Description of the task. Repeat the listing word for word. Leave every picture out.

Dataset excerpt.
----------------------------------------
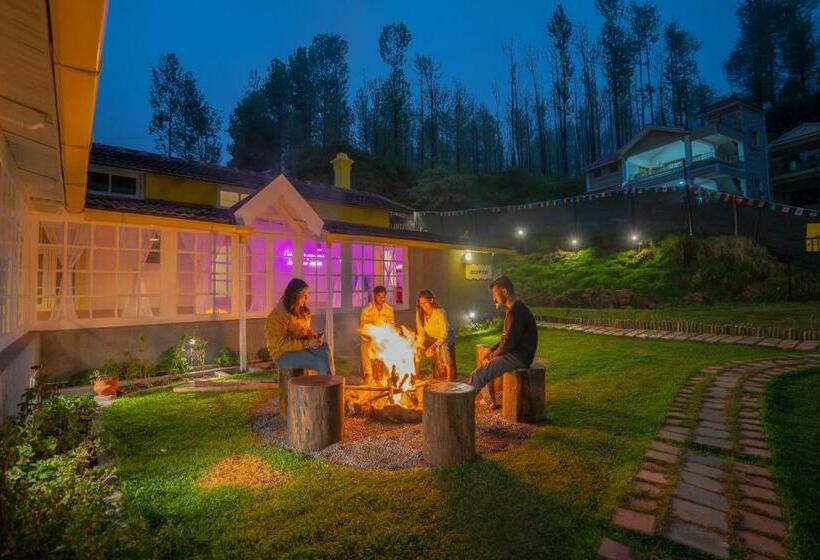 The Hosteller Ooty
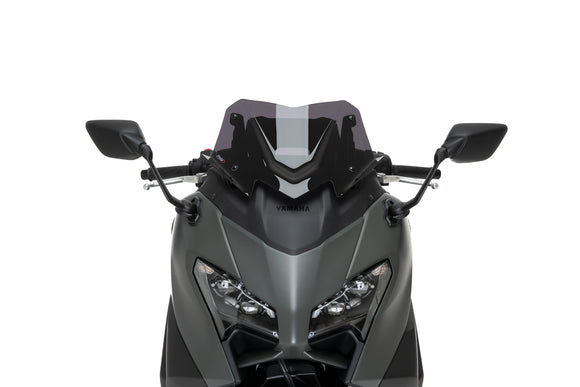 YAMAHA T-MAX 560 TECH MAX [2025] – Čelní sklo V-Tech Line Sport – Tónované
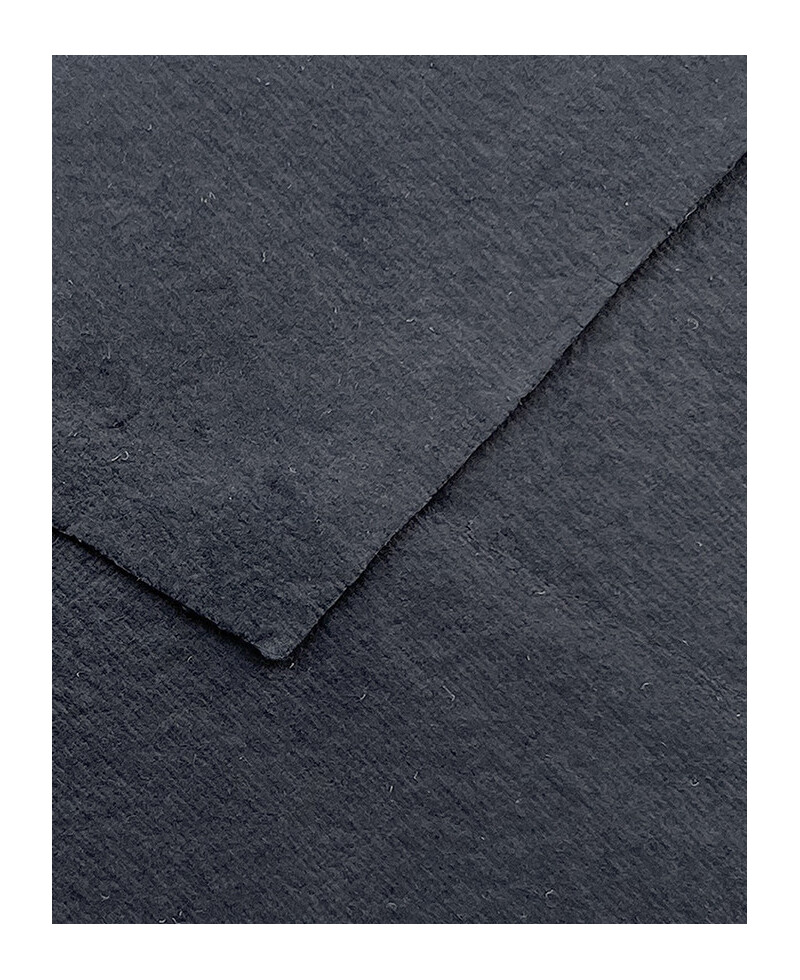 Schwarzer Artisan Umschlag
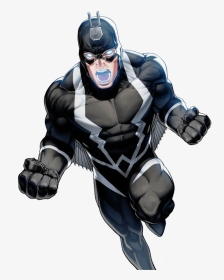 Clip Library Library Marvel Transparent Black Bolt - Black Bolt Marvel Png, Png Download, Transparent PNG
----------------------------------------
Response to the exercise.
 The Hosteller Ooty
 YAMAHA T-MAX 560 TECH MAX [2025] – Čelní sklo V-Tech Line Sport – Tónované
 Schwarzer Artisan Umschlag
 Clip Library Library Marvel Transparent Black Bolt - Black Bolt Marvel Png, Png Download, Transparent PNG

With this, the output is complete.